Terapia cognitivo-conductual. Esta terapia puede ayudar a una persona que padece un trastorno alimentario a cambiar su forma de pensar sobre la comida y la percepción que tiene de su cuerpo. Además, puede ayudarla a gestionar los sentimientos o las situaciones que puedan haber desencadenado su trastorno alimentario. En ocasiones, los familiares participan en la terapia para aprender cómo apoyar la recuperación de la persona.
Asesoramiento nutricional. Un dietista puede ayudar a una persona a recuperar y mantener un peso saludable para ella. Además, la persona aprende hábitos alimenticios saludables.
Medicamentos. Los más habituales son los antidepresivos. Pueden ayudar a reducir los episodios de atracones y purgas. También pueden ayudar con otras afecciones, como la ansiedad y la depresión. Las personas con trastorno alimentario compulsivo pueden necesitar en ocasiones inhibidores del apetito para ayudar a controlar su afección.
Otros tratamientos médicos. Los médicos tratarán los problemas médicos derivados de un trastorno alimentario, como los problemas cardíacos o la depresión.
Superar un trastorno alimentario puede llevar mucho tiempo. Muchas personas tienen altibajos. Intente considerar el tratamiento como un proceso continuo.

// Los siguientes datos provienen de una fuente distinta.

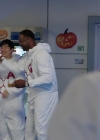 Charmed-Online-dot-nl_Charmed-1x03SweetTooth00713.jpg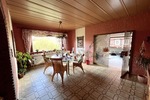 Familienbungalow in ruhiger Lage - Bungalow Elbe | Angebot:25977566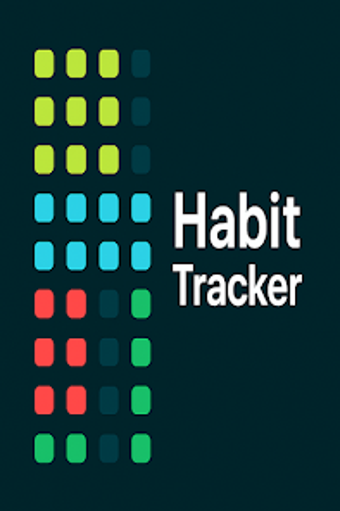 Bild 0 für HabitKit: Daily Habit Tra…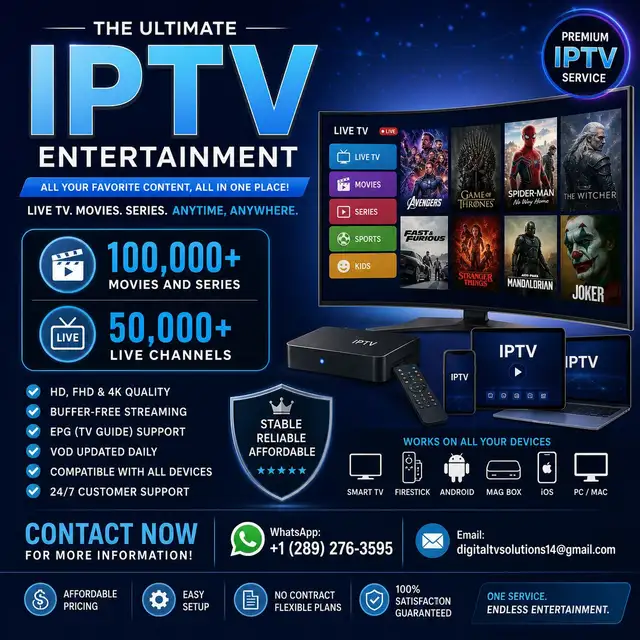 Reliable channels with no buffering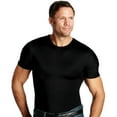 thumbnail image 5 of Men's Crewneck T-Shirt, 5 of 5
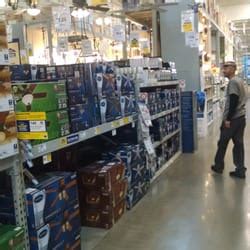 lowes medford|lowe's home improvement medford or.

Si cree que tiene un trastorno alimentario, obtenga ayuda. Algunos trastornos alimentarios, como la anorexia, deben tratarse en un hospital o en una clínica de corta estancia. Si no se tratan, los trastornos alimentarios pueden provocar graves problemas de salud. El tratamiento puede ayudarle a sentirse mejor y a llevar una vida más saludable.